Filmi daha geriye sarıp 80 ve 90’lı yıllara dönelim.

Bölgeye çıkarma yapan Bakan ve üst düzey yetkililerin ilk durağı Türkiye Petrolleri tesisleriydi.

TPAO, bir dönemler bu kentin bazı kamu kurumlarından daha etkindi. Çünkü her etkinlikte TPAO gelirdi.

Dönemin Jeoloji Mühendislerinden eski Bakan Esat Kıratlıoğlu ile 1992 yılında eski misafirhanedeki sohbetimizde eski günleri anlatıyordu.

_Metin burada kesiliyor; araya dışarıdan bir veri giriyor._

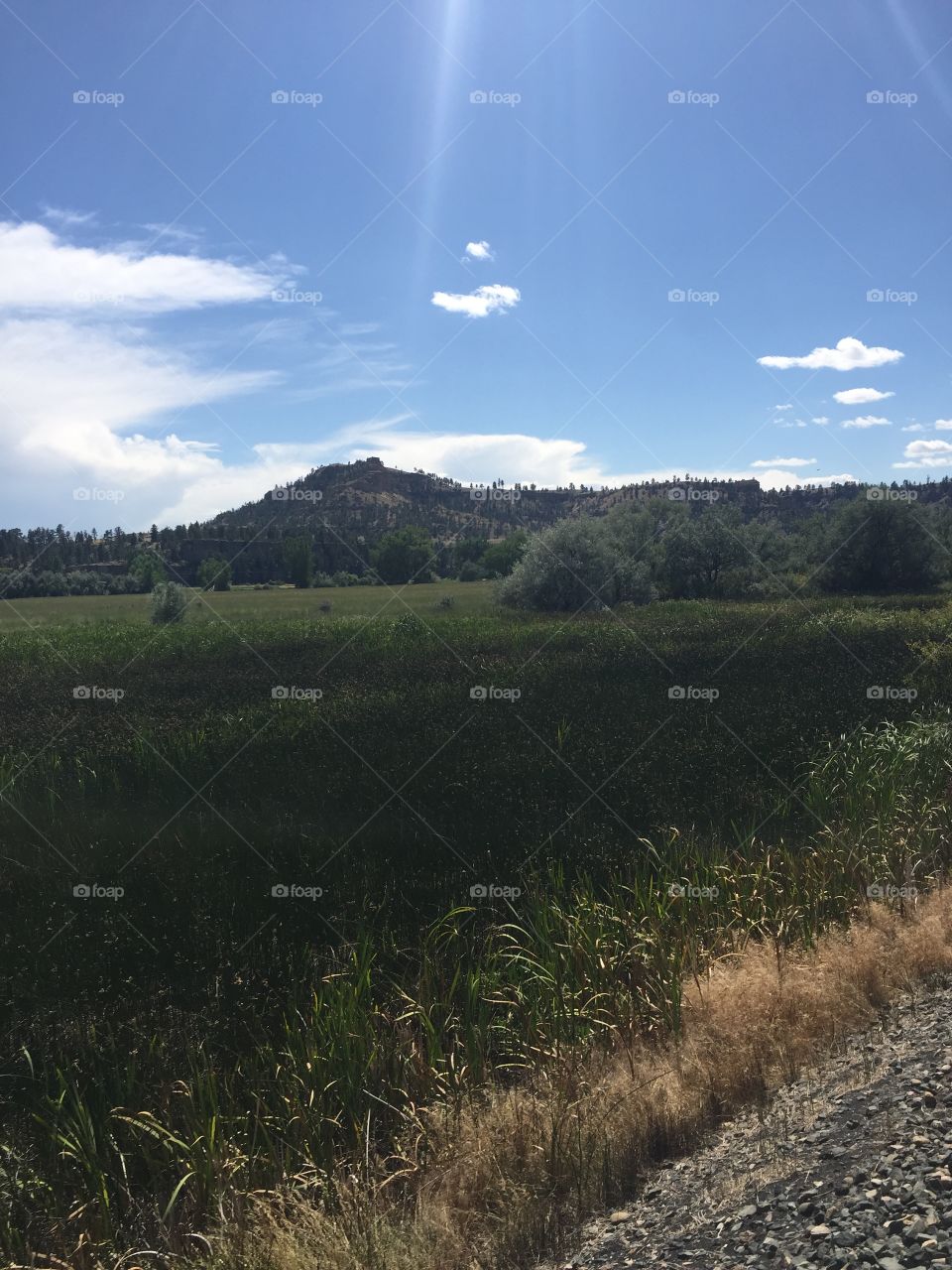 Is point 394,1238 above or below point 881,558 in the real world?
below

Koçero anılarından TPAO orkestrasına dek hafta sonları Türkiye Petrolleri’nde düzenledikleri etkinliklere dikkat çekiyordu Kıratlıoğlu;
“Nasıl anlatsam, Batman’ın dününü. Batman, her şeyiyle mükemmel bir kentti. 70’lı yıllardı. Petrol sahalarına çıktığımızda yolumuzu Koçero keserdi ama kimseye zarar vermeyen adil bir eşkıya idi Koçero. Bizden maaşımızın bir bölümünü alır, fakir köylülere verirdi. Hafta sonları da sahalardan döner yorgunluğumuzu Misafirhanenin bahçesinde orkestra eşliğinde atardık. Sadece biz değil, kentteki yöneticiler de aramıza katılırdı.”

Türkiye Petrolleri ile ülkenin ilk rafinerisi, Batman’ın bugünlere gelmesinde ne kadar etkin bir rol almış.

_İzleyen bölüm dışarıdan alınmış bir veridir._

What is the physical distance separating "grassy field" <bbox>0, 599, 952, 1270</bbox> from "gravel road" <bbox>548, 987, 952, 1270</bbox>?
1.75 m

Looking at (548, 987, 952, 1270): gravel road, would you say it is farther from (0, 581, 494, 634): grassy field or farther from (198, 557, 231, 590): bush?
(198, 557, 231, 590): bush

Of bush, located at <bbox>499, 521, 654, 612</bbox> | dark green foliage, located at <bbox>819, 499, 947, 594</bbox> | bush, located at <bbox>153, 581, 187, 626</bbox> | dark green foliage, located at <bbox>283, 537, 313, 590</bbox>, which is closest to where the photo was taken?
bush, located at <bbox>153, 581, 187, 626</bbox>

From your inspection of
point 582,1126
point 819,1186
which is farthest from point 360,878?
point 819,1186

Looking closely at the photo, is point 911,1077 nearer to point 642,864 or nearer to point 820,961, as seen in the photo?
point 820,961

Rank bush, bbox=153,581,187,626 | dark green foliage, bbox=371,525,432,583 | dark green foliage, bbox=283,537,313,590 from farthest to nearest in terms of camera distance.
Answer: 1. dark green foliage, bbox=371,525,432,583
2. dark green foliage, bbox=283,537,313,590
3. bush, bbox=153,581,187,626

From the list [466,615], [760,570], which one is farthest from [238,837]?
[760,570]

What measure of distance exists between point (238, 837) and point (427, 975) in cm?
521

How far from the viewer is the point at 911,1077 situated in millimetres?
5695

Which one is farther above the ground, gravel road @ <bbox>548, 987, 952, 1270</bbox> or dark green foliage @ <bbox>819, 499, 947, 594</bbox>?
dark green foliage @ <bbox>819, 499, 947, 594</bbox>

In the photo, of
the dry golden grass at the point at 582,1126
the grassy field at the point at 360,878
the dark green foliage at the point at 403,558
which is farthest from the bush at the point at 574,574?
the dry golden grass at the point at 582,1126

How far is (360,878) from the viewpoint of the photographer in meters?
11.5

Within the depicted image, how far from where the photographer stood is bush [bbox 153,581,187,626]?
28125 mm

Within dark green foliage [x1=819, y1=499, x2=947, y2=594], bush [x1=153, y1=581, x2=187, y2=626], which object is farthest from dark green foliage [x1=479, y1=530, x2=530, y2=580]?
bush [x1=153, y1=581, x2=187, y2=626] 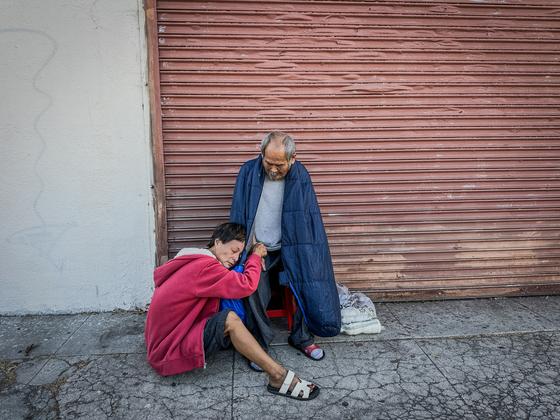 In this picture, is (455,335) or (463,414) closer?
(463,414)

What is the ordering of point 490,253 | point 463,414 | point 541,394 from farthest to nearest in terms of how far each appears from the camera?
point 490,253 → point 541,394 → point 463,414

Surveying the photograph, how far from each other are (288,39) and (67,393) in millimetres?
3113

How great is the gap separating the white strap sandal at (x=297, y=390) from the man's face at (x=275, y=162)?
4.29ft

TPAO-TÜPRAŞ DEMEK BATMAN’DI

Kim ne derse desin, bu şehrin temelini Türkiye Petrolleri atmıştır.

Bir o kadar da ülkenin ilk rafinerisinin de Batman’a katkısı inkar edilemez.

Petrol kentinde kütüphanenin olmadığı dönemlerde TPAO’nun eski restoran binasının yeni küçük kütüphaneydi.

Liseli yıllarımızda çalışmak için Türkiye Petrolleri’ndeki kütüphanenin yolunu tutardık.

Güreş müsabakaları ile Petrolspor maçlarını izlemek ayrı bir keyifti bizim için.

Kentte yapılamayan etkinlikler TPAO’daydı.

Yüzlerce petrol emekçisi, mühendis ve petrol yöneticilerinin görev yaptığı eski dönemin TPAO Bölge Müdürlüğü’nde çalışmak ayrılacaktı.

Dün gibi hatırlıyorum; bir hakim arkadaşımız yörenin tanınan ailesinin kızını istemeye gitmişti.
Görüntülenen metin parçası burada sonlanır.